Vigencia del pelotazo
Como si no tuviera bastante con las condenas del caso Gürtel, Alberto Núñez Feijóo tiene que pechar también con un nuevo problema, que afecta en este caso a la villa de Madrid e, indirectamente, a su alcalde, el señor Martínez Almeida. Se trata del pelotazo que pegaron Luís Medina y Alberto Luceño, dos jóvenes emprendedores a más no poder, con la venta de material sanitario a la capital del reino en los peores tiempos de la pandemia, cuando costaba Dios y ayuda hasta hacerse con un cargamento de mascarillas en condiciones. Recurriendo a un amigo malayo, el señor Luceño, cerebro de la operación, les endilgó a los madrileños un material en parte defectuoso con el que se asignó una comisión de seis millones de euros (aunque a su partner in crime le dijo que el pelotazo era bastante menor), que invirtió en alegrías de nuevo rico como un chalé en Pozuelo de Alarcón, unas vacacioncitas en Marbella, unos cuantos pelucos de la acreditada marca Rolex y varios haigas de postín, entre los que no faltaban ni un Ferrari ni un Lamborghini (actualmente, está todo embargado por la justicia; su socio, hermano del actual duque de Feria e hijo de la rutilante socialité Nati Abascal, se conformó con un yate que, si no me equivoco, también le han soplado).
Quien creyera que la llamada cultura del pelotazo había pasado a la historia acaba de descubrir que sigue plenamente vigente. Y que, una vez más, vuelve a manifestarse en predios controlados por el PP. Se habla de un primo de Almeida como participante en el supuesto atraco, ¡y aún colea lo del hermano de Ayuso en otra trapisonda relacionada con el coronavirus! Así me reciben en Madrid al pobre Feijóo: como para clamar "¡Si lo sé, no vengo!".
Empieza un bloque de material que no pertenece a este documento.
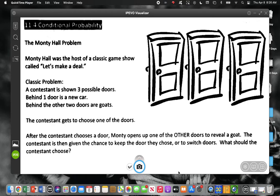Today we're actually going to break this up into two days. Today is what we call conditional probability, which I will explain what that is in just a little bit.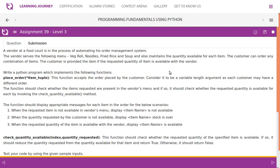A vendor at a food court is in the process of automating his order management system. The vendor serves the following menu: veg roll, noodles, fried rice, and soup, and also maintains the quantity available for each item.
Aunque todo parece indicar que el cerebro de la operación era el señor Luceño, no da la impresión de que estemos ante un genuino representante de las fuerzas del mal y del capital como aquel profesor de ESADE que tan sabiamente asesoró a Iñaki Urdangarín cuando a éste le dio por ganarse la vida por su cuenta y a costa de los demás. La biografía de Alberto Luceño consiste en una serie de trabajitos no muy lucidos, en cierta fama de cantamañanas y en un video hilarante en el que se le ve hablando de ética y moral ante un auditorio de aspirantes a masters of the universe. Su manera de gastarse los monises levantados al Ayuntamiento de Madrid tampoco parece la más adecuada para pasar desapercibido y adoptar eso que los anglosajones describen como un low profile: ¡venga casoplón, venga Marbella y venga Ferraris! En cuanto a su catadura moral, el hecho de ser capaz de engañar hasta a su compañero en la picaresca deja al señor Luceño a la altura del betún. Y lo mismo puede decirse del empresario malayo que le endiñó un material defectuoso a sabiendas, pero a ése me parece que ya le podemos echar un galgo...
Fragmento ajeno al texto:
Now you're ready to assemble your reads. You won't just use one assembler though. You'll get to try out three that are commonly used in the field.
Da la impresión de que el señor Luceño solo pensaba en hacerse rico como fuera. Y lo logró. Durante un tiempo, dado que sus chapuzas no tardaron mucho en ser descubiertas. En fin, fue bueno mientras duró, aunque, de hecho, solo fuera una fantasía de lujo y supuesto glamur vivida entre Pozuelo y Marbella y al volante de un Ferrari. Ni se le pasó por la cabeza un fin de semana en Venecia o París, que te otorga un plus poético, sobre todo si es fuera de temporada. El cantamañanas no podía ser más vulgar y simplón: con una casa en un suburbio pudiente de Madrid, una estancia en Marbella y unos cuantos cochazos iba que se mataba. Qué tiempos éstos, en los que ni los estafadores carecen del más mínimo detalle simpático. Francamente, me quedo con Ronald Biggs. Y hasta con el Dioni, si me apuran.